Para ela os Estados-nações “foram construídos para promover os interesses dos poderosos, das elites. Desenvolveram programas antiéticos e com projetos contrários aos povos indígenas ou ao jeito que eles pretendem usar as terras que são suas por direito”. Victoria se mostrou contrária a forma como as reintegrações de posse ocorrem no Brasil.
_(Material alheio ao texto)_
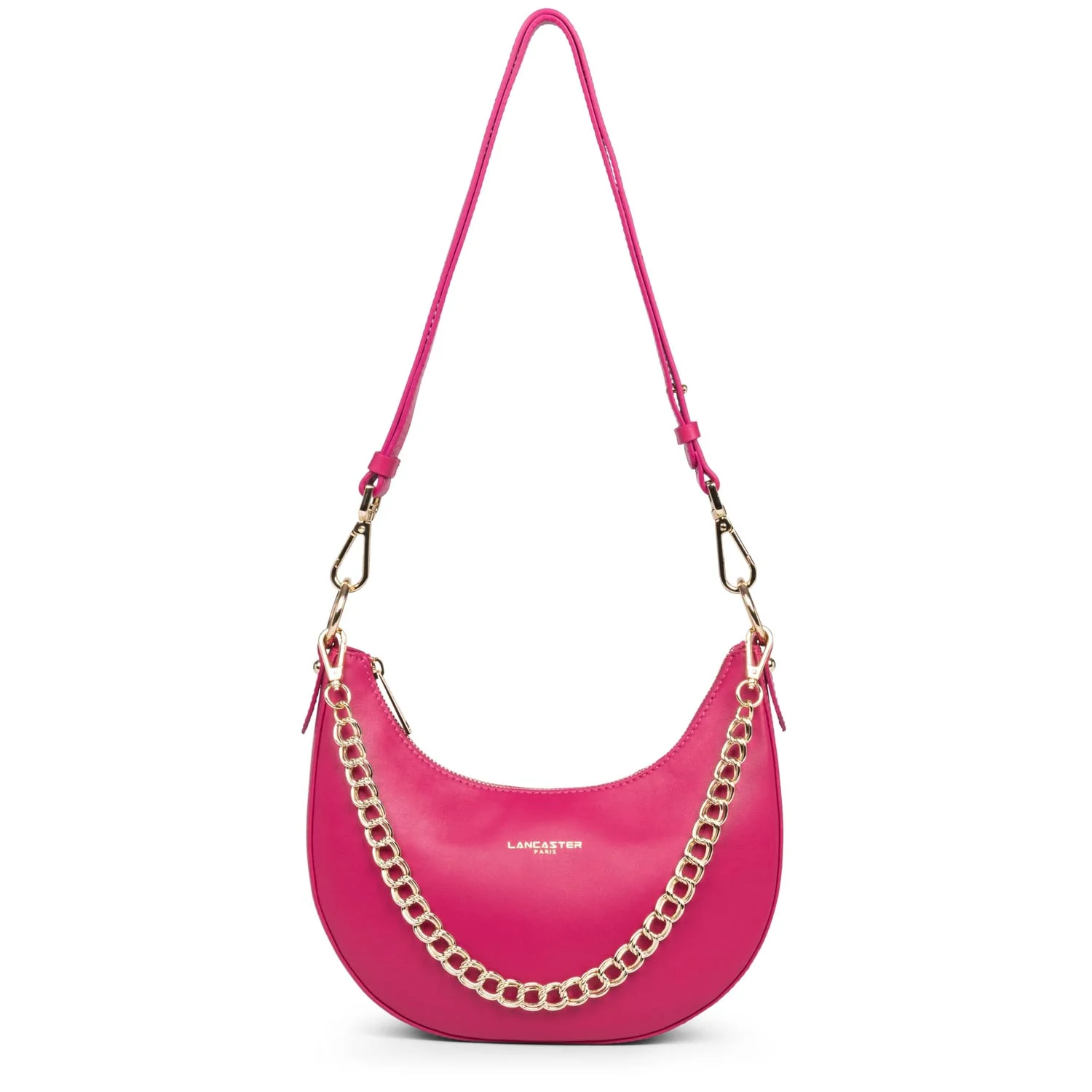 Petit sac besace - Paris Aimy - Image 53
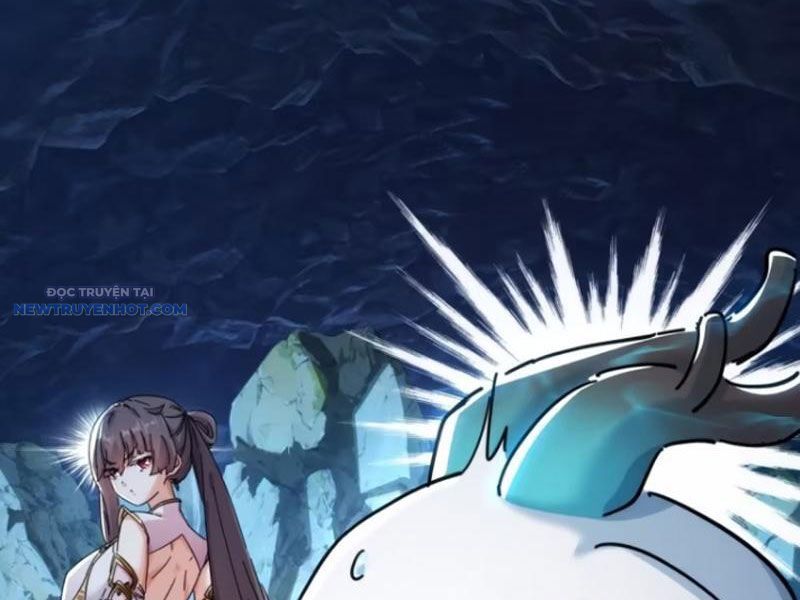 Mời Công Tử Trảm Yêu - Chapter 49 - Page 25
Durante a sua visita, duas foram despachadas pela Justiça Federal: uma, derrubada, contra o tekoha Taquara, no Mato Grosso do Sul, e outra contra a Terra Indígena Cumuruxatiba, do povo Pataxó, no extremo sul baiano, que pode ser executada a qualquer momento.
“Vocês também têm o direito de protestar e agir quando eles estão tentando tomar as suas terras. Eu cumprimento vocês pelo esforço da luta de retomada de seus territórios. Eu acredito que para muitos povos indígenas as retomadas são uma forma de fazer valer os direitos, porque o Estado não tem feito”, declarou Victoria.
A relatora da ONU afirmou que abarcará em seu relatório questões envolvendo as precariedades na saúde, educação e assistência social. “Eu ouvi claramente a mensagem que compartilharam comigo. Para mim fica bem claro que os direitos civis, econômicos, políticos e territoriais estão sendo violados. Vocês têm o direito de ter uma educação relevante, um sistema de saúde relevante e apropriado, e é claro que vocês também têm o direito de serem donos e controlar as suas terras e os recursos naturais”, pontuou.
Visita da ONU
Antes da Bahia, a relatora esteve no Mato Grosso do Sul e em audiências com as comissões de Direitos Humanos da Câmara e Senado federais. No domingo, 13, Victoria partiu para o Pará onde visitará a região de Altamira para conversar com os povos indígenas afetados pela Usina Hidrelétrica de Belo Monte.
Na próxima quinta-feira, dia 17, a relatora da ONU concederá uma entrevista coletiva onde pretende relatar aos jornalistas o que viu e ouviu durante as visitas, além de entregar ao governo brasileiro uma versão resumida do relatório, que deverá ter sua versão aprofundada finalizada em setembro. “É preciso que a imprensa passe a falar sobre a verdade do que vem acontecendo no Brasil com os povos indígenas. Por isso a coletiva”, explicou Victoria Tauli-Corpuz.